= Ann Peoples (Antarctic manager) =

US anthropologist and business manager

Ann Peoples, an American anthropologist and business manager, was the first American woman to serve in a significant leadership role in Antarctica when she was appointed manager of the Berg Field Center at the McMurdo Station in 1986. She went on to manage Palmer Station from 1991 to 1995.

Peoples studied anthropology at Wheaton College, Massachusetts, graduating in 1979. From 1981, she worked for the United States Antarctic Research Program (USARP) for 14 years, initially as a driver. In 1986, she was appointed manager of the Berg Field Center. It was seasonal work which combined well with her employment as an archaeologist with the Bureau of Land Management. She was the first women in the Antarctic to have a job title as manager when she became the Berg Field Center Manager from 1986 to 1989. The facility provided outdoor equipment and survival training at McMurdo Station. In 1991, she became the first woman to manage a USAP station when she was appointed manager of the Palmer Station on Anvers Island in 1991.

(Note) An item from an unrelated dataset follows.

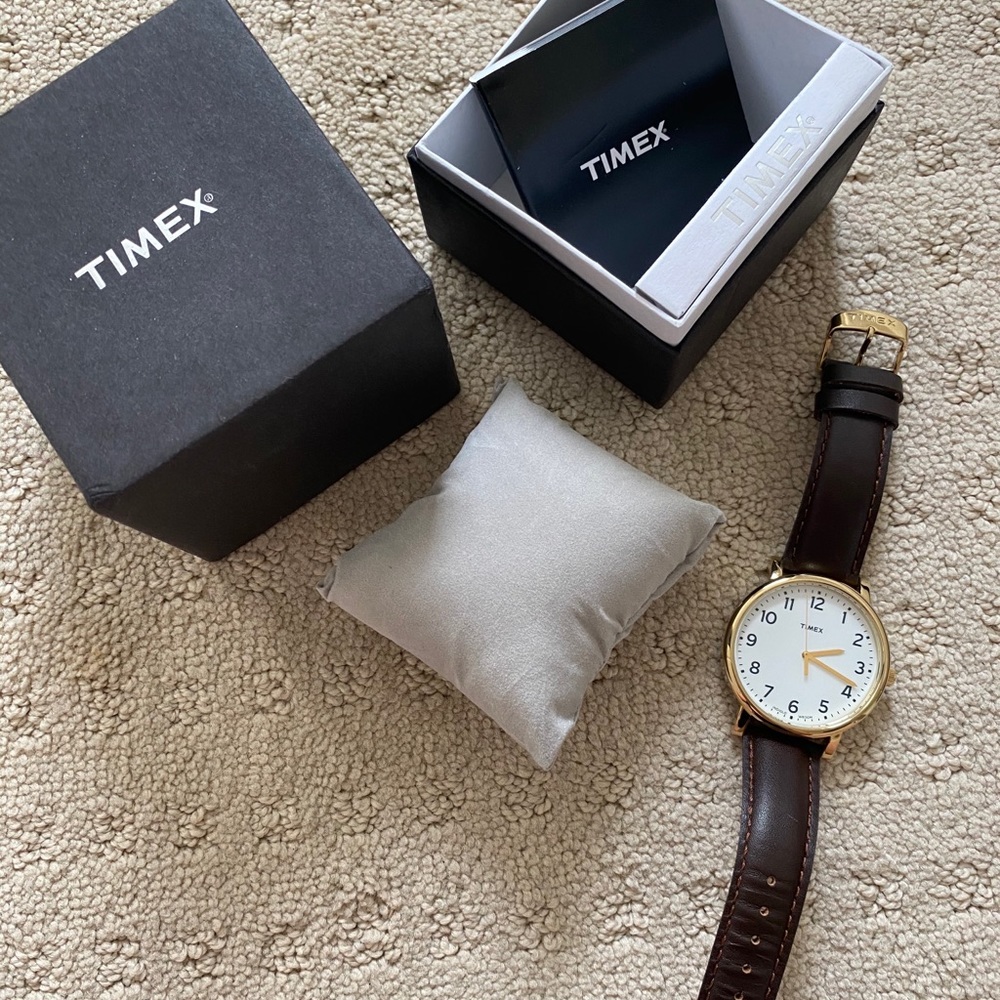 Timex standard 40mm Gold & Brown Leather Watch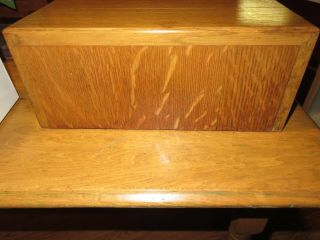 ANTIQUE SOLID OAK WOOD 2 DRAWER LIBRARY DESK TOP FILING CABINET RECIPES OFFICE 5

In 1998, Peoples Rocks off the coast of Anvers Island was named after Ann Peoples. After her work in Antarctica, Peoples worked as Deputy Program Director for chemical weapons demilitarization at Johnston Atoll, Hawaii where she became the first woman to receive the Commander's Award for Public Service. She then returned to California where she studied at the University of California, Irvine, where she earned an MBA in 2003. She then joined Thomson Advisors, Virginia, specializing in management consulting services.